Take a Petroglyph Tour
While you’re in the area around Island in the Sky and Moab, sign up for a rock art auto tour. You’ll have the chance to see many fine examples of Native American petroglyphs (scratched or engraved on rock) and pictographs (painted or drawn on rock).
Take a Side Trip on Long Canyon Road
A detour off Potash Road just after the Jug Handle Arch, this fantastic gravel route is worth the extra time. You’ll climb uphill on hairpin bends to Pucker Pass. The best moment is when you drive right beneath a massive boulder that has collapsed from the cliff face. Return the 4.3 miles to Potash Road to continue on to Moab. Or, when you get to Pucker Pass, you can continue on a mesa that leads to Dead Horse Point State Park.

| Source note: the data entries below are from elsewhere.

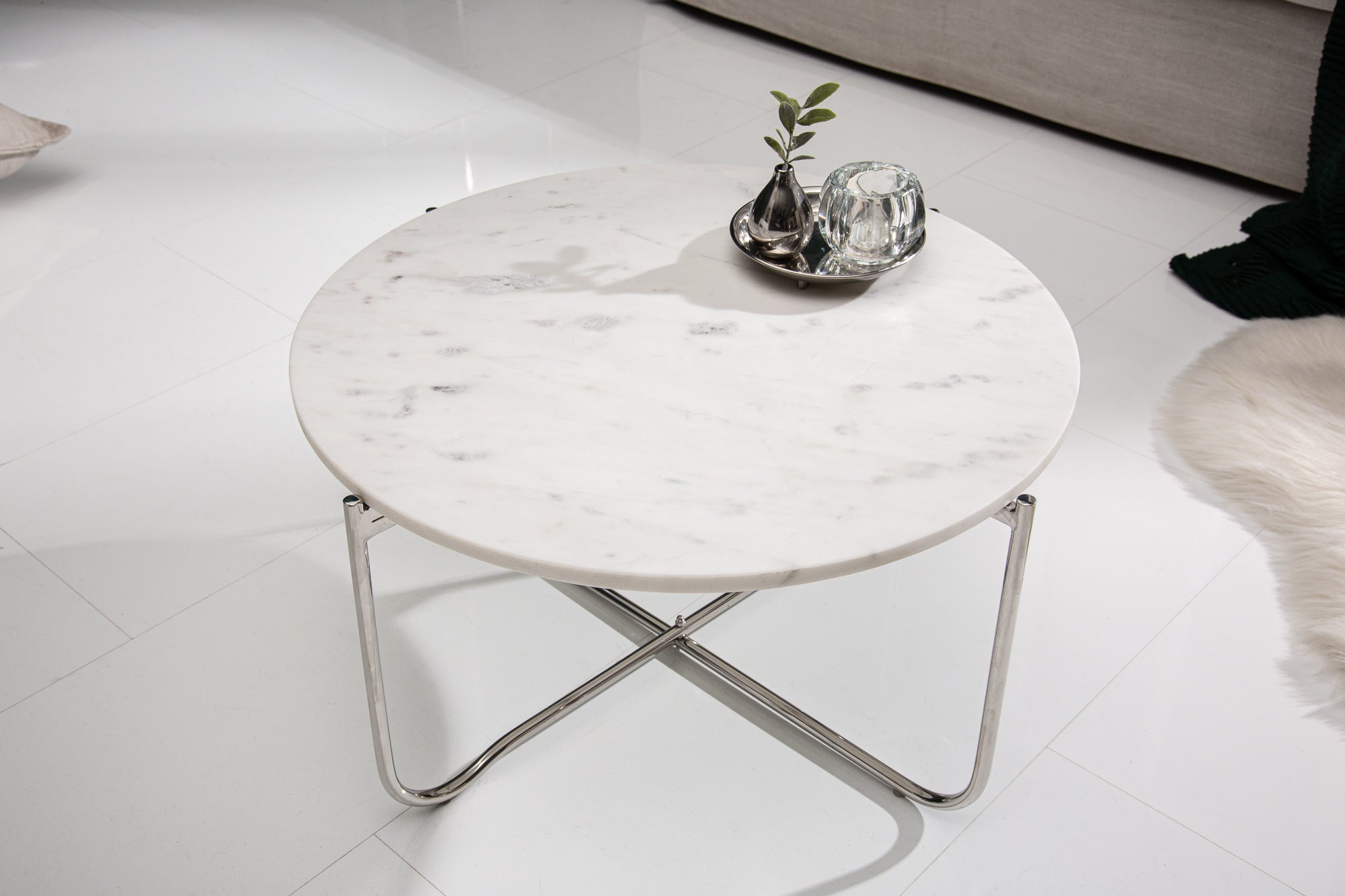 table-basse-ronde-noble-65cm-marbre-blanc-plateau-amovible-pliable-metal-argente_40361 (inv)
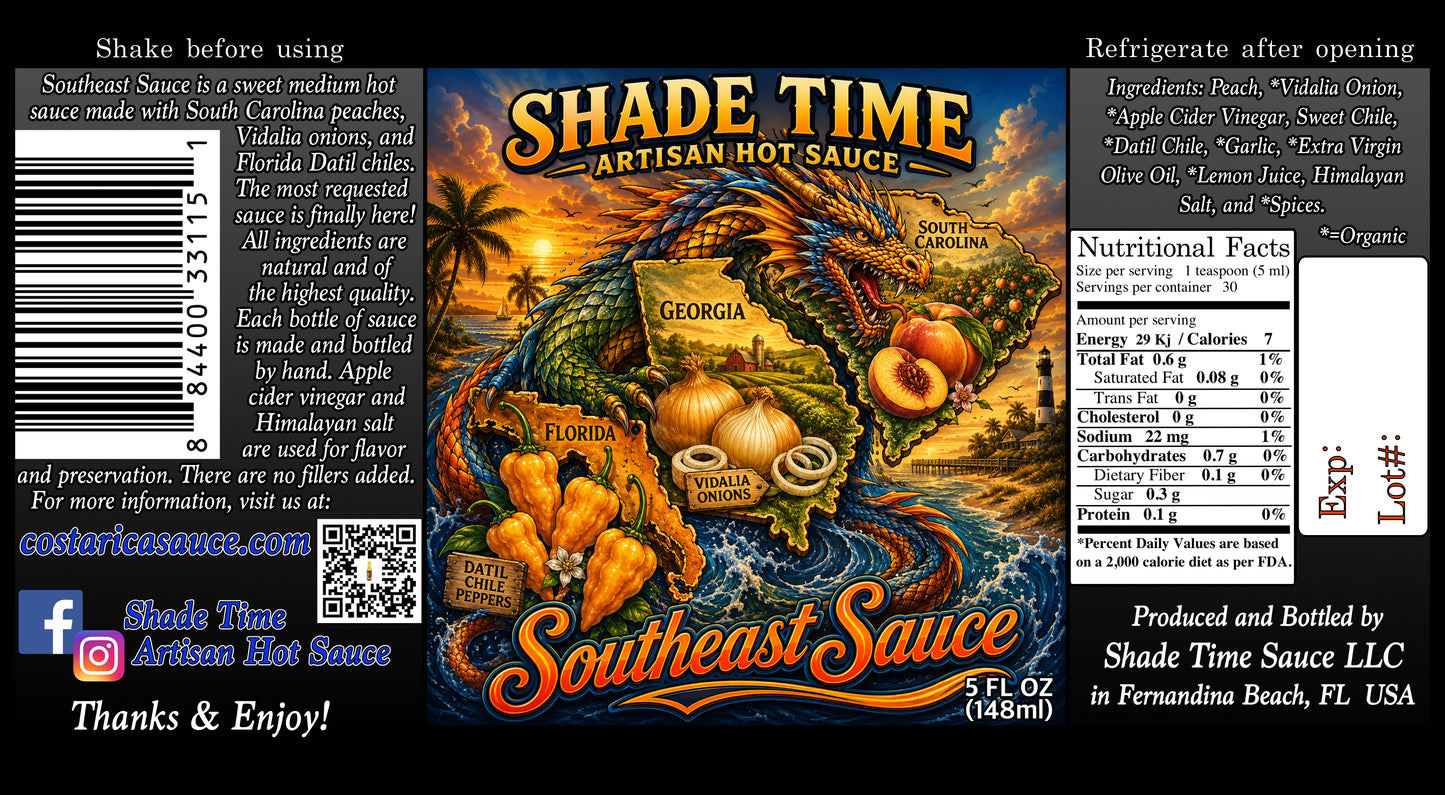 Southeast hot sauce 5 fl. oz.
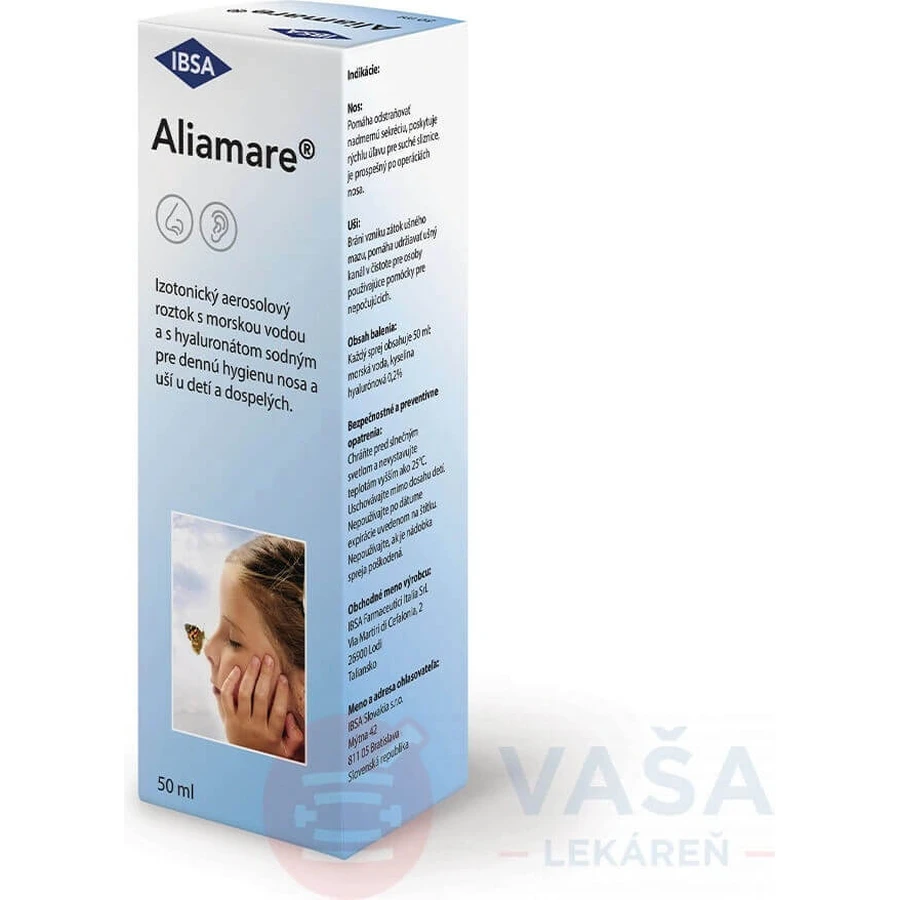 ALIAMARE 1×100 мл, изотонический аэрозольный раствор: цены и характеристики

Explore Canyonlands National Park Island in the Sky District
While you’re in the area doing the Shafer Canyon drive, stick around to explore the Island in the Sky district. A few of the area highlight include:
Grand Overlook: Probably the best view in Island in the Sky. You can see Monument Basin, carved out by the Colorado River.
Buck Canyon Overlook: Stand at the edge of the mesa and see if you can find White Rim Road in the distance.
Green River Overlook: From here, you can see over the Soda Spring Basin of Canyonlands, formed by the Green River.
Mesa Arch: Worth a stop for the photo alone, the Mesa Arch is one of the most iconic landmarks in Canyonlands National Park. Walk on a short, graded gravel and dirt trail to the arch – sunrise is the most beautiful time to visit.